**TASK DETAILS**. In the material below, find the line with "CHEMWORLD.COM logo"; set down that line and every line after it to the end, exactly, without pictures.

**RECORDS FOR THIS EXERCISE**.
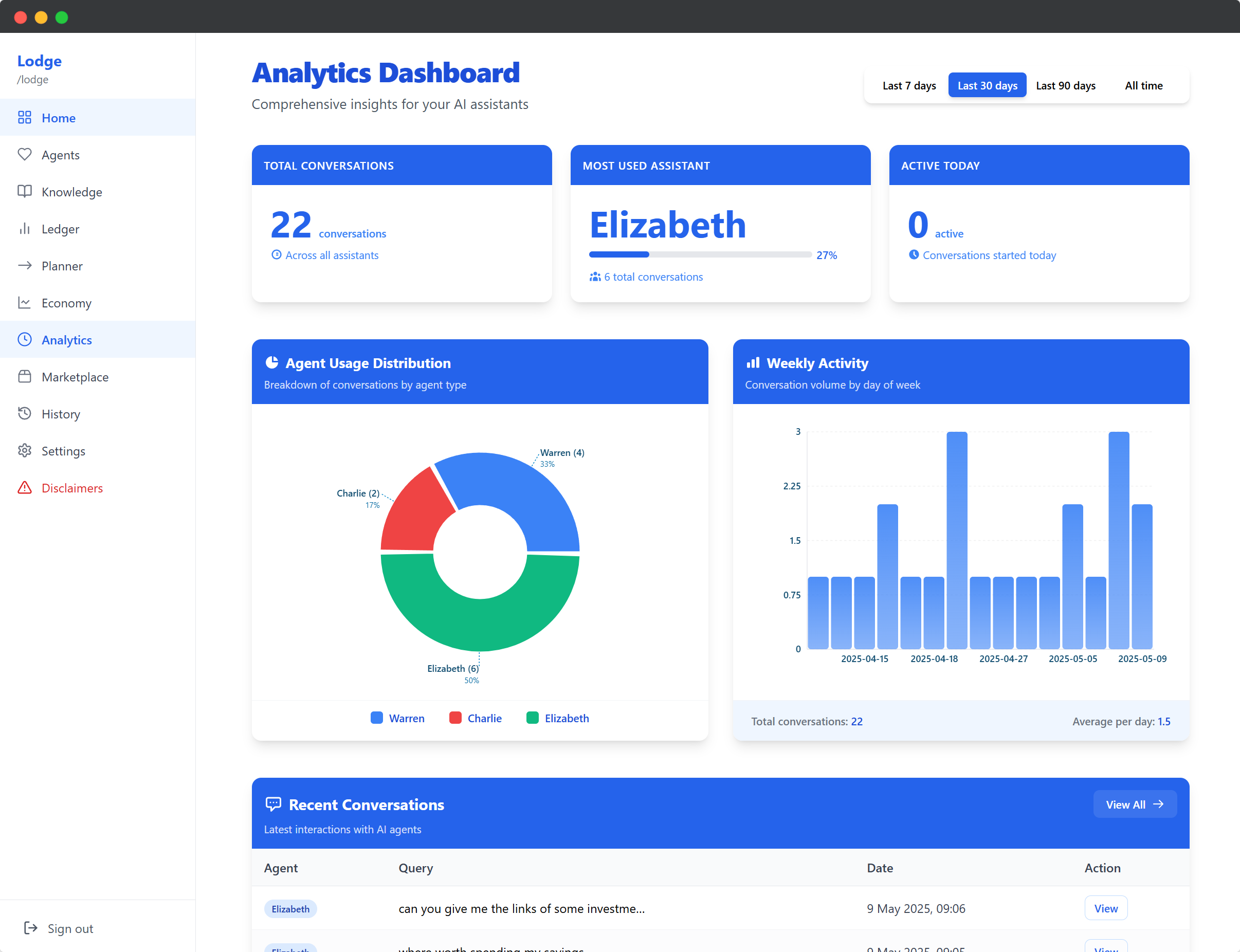 Financial analysis view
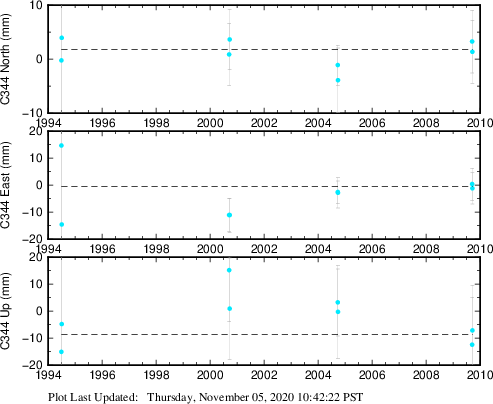 Plot showing NA-fixed data (All data)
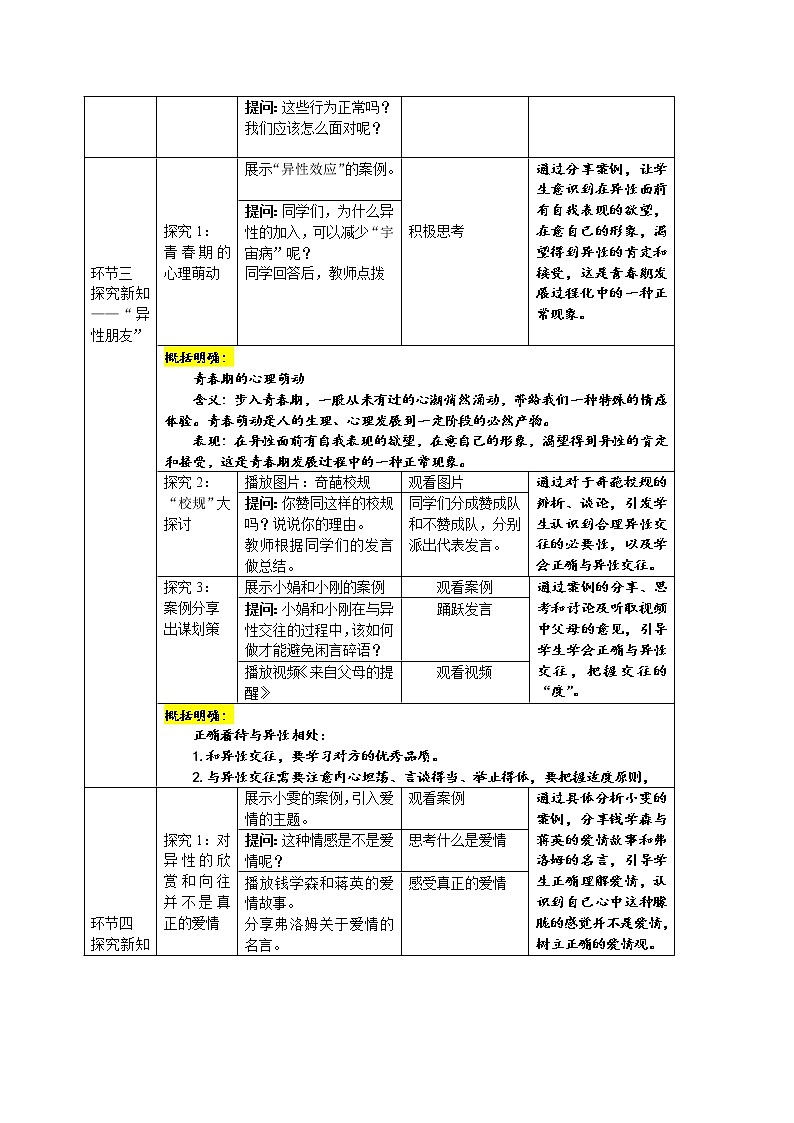 2021-2022学年统编版道德与法治 七年级下册 2.2青春萌动 教案 (3)第2页
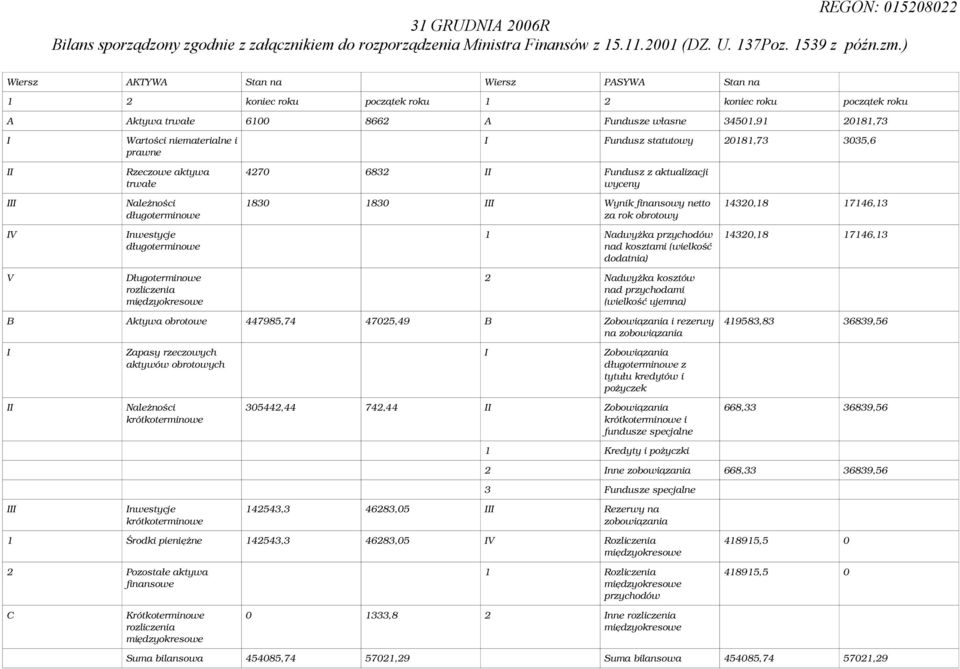 prawne Rzeczowe aktywa trwałe I Fundusz statutowy 20181,73 3035,6 4270 6832 II Fundusz z aktualizacji wyceny III Należności długoterminowe 1830 1830 III Wynik finansowy netto za rok obrotowy 14320,18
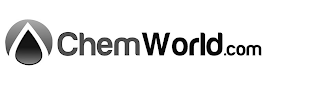 CHEMWORLD.COM logo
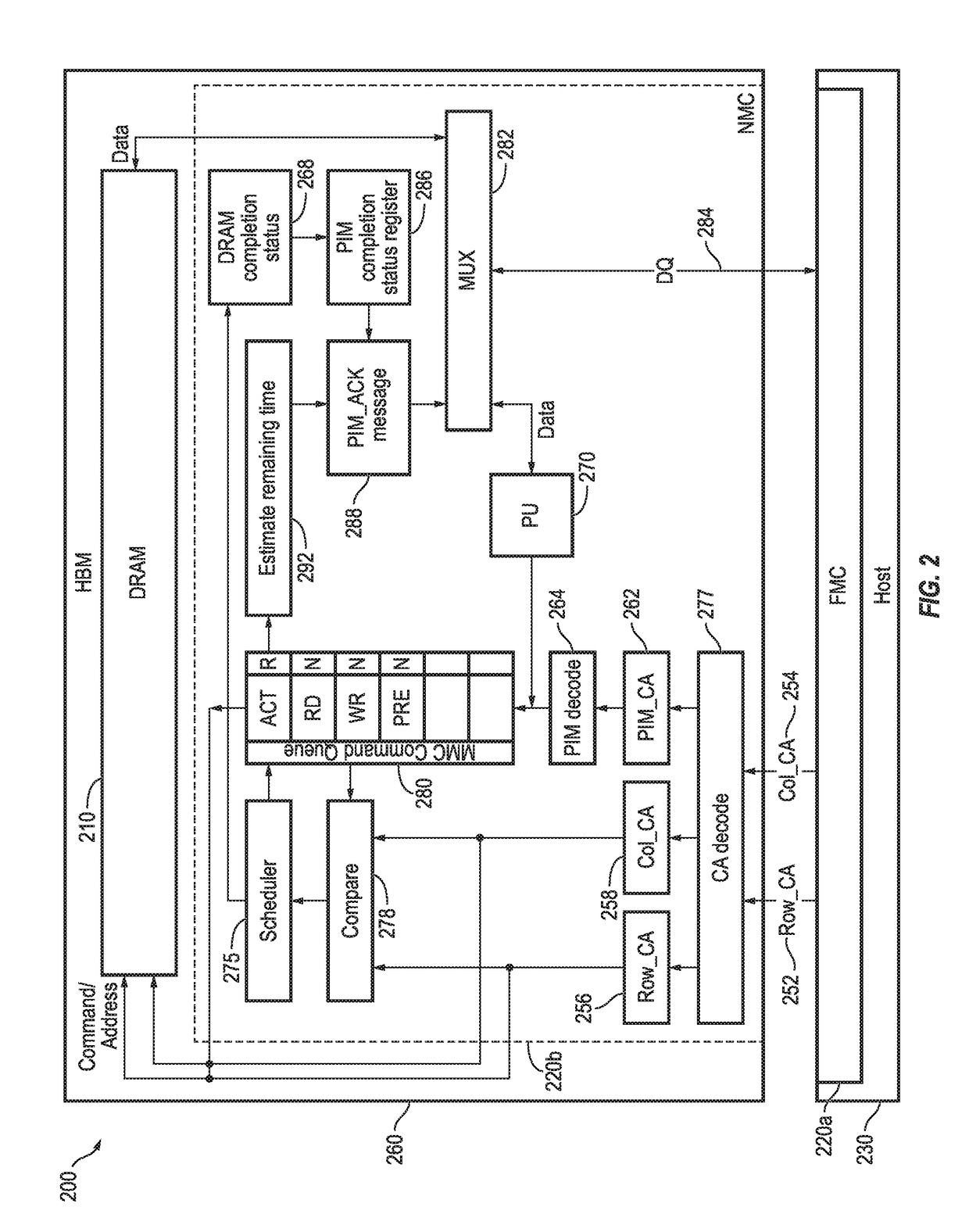 Coordinated near-far memory controller for process-in-hbm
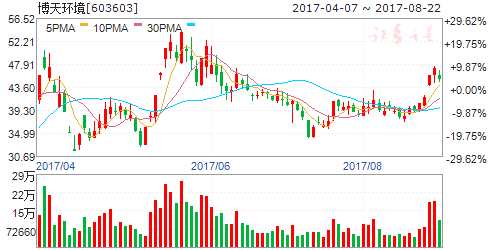 龍虎榜揭秘：敢死隊大肆搶籌5股拋售4股 機構(gòu)拋售4股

**WRITTEN REPLY**.
 CHEMWORLD.COM logo
 Coordinated near-far memory controller for process-in-hbm
 龍虎榜揭秘：敢死隊大肆搶籌5股拋售4股 機構(gòu)拋售4股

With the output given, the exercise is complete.